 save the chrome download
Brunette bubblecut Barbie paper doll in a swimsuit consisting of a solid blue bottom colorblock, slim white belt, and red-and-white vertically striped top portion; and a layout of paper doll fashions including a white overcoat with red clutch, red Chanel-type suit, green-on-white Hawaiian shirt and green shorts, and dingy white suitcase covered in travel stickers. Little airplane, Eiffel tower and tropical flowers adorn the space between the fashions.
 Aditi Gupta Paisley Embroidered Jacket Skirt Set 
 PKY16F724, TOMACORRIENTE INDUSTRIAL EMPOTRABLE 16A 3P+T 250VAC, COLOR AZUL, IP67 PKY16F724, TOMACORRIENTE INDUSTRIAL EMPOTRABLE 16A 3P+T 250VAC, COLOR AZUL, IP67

==============================

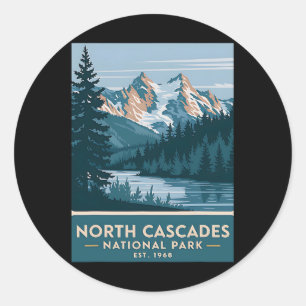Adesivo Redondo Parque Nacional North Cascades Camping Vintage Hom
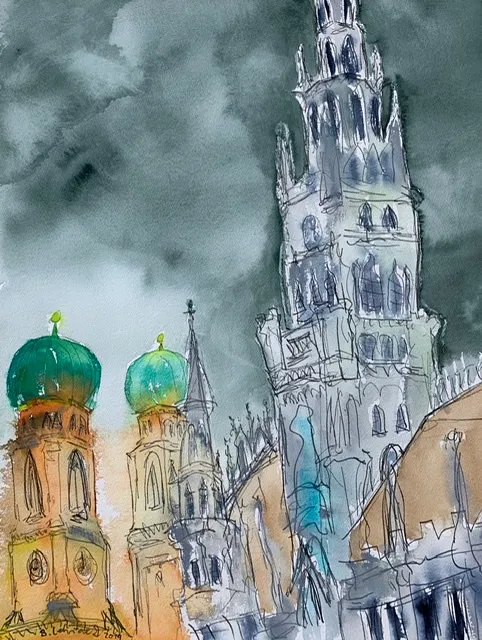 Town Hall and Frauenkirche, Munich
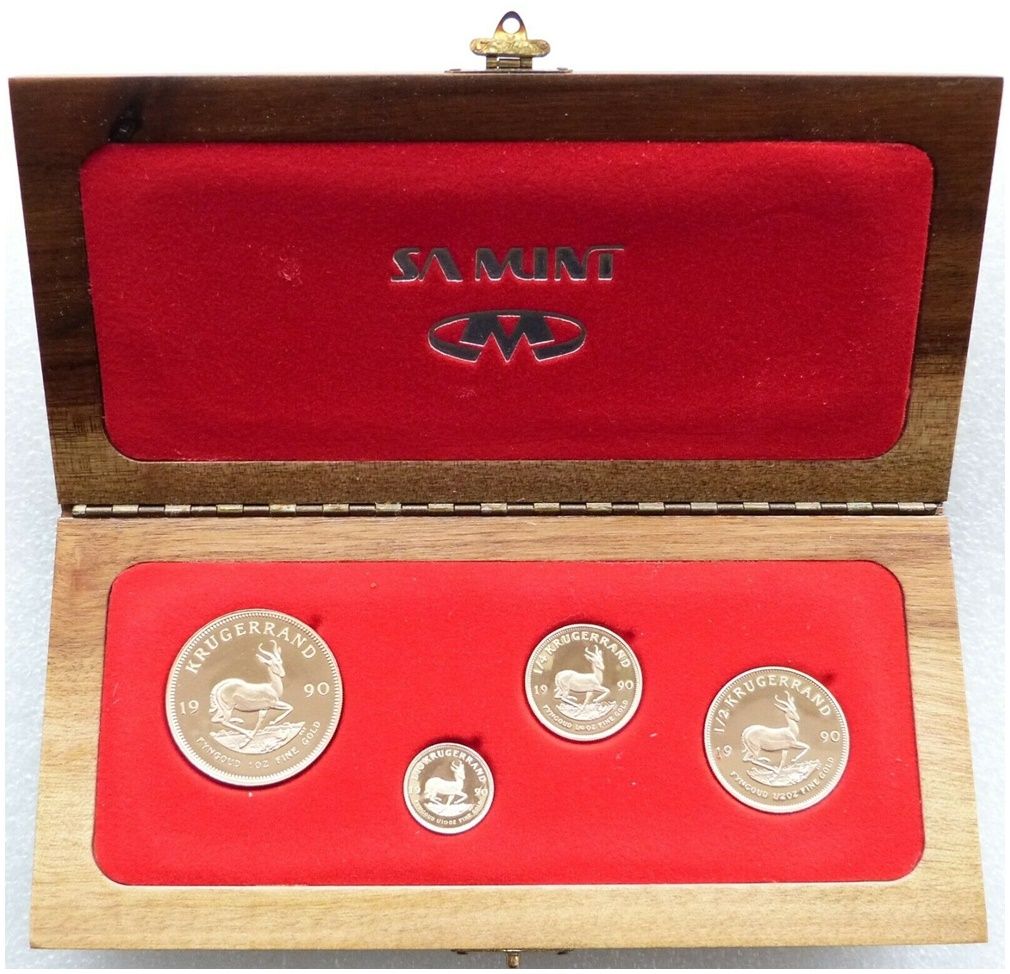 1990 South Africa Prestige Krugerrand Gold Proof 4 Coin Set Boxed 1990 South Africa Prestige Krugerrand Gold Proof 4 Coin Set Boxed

==============================

Directions = Among the records above, a stretch begins at the line containing "Brunette bubblecut Barbie" and ends at the line containing "IP67 PKY16F724, TOMACORRIENTE". Restate that stretch word for word, and nothing else.

Solution for this exercise =
Brunette bubblecut Barbie paper doll in a swimsuit consisting of a solid blue bottom colorblock, slim white belt, and red-and-white vertically striped top portion; and a layout of paper doll fashions including a white overcoat with red clutch, red Chanel-type suit, green-on-white Hawaiian shirt and green shorts, and dingy white suitcase covered in travel stickers. Little airplane, Eiffel tower and tropical flowers adorn the space between the fashions.
 Aditi Gupta Paisley Embroidered Jacket Skirt Set 
 PKY16F724, TOMACORRIENTE INDUSTRIAL EMPOTRABLE 16A 3P+T 250VAC, COLOR AZUL, IP67 PKY16F724, TOMACORRIENTE INDUSTRIAL EMPOTRABLE 16A 3P+T 250VAC, COLOR AZUL, IP67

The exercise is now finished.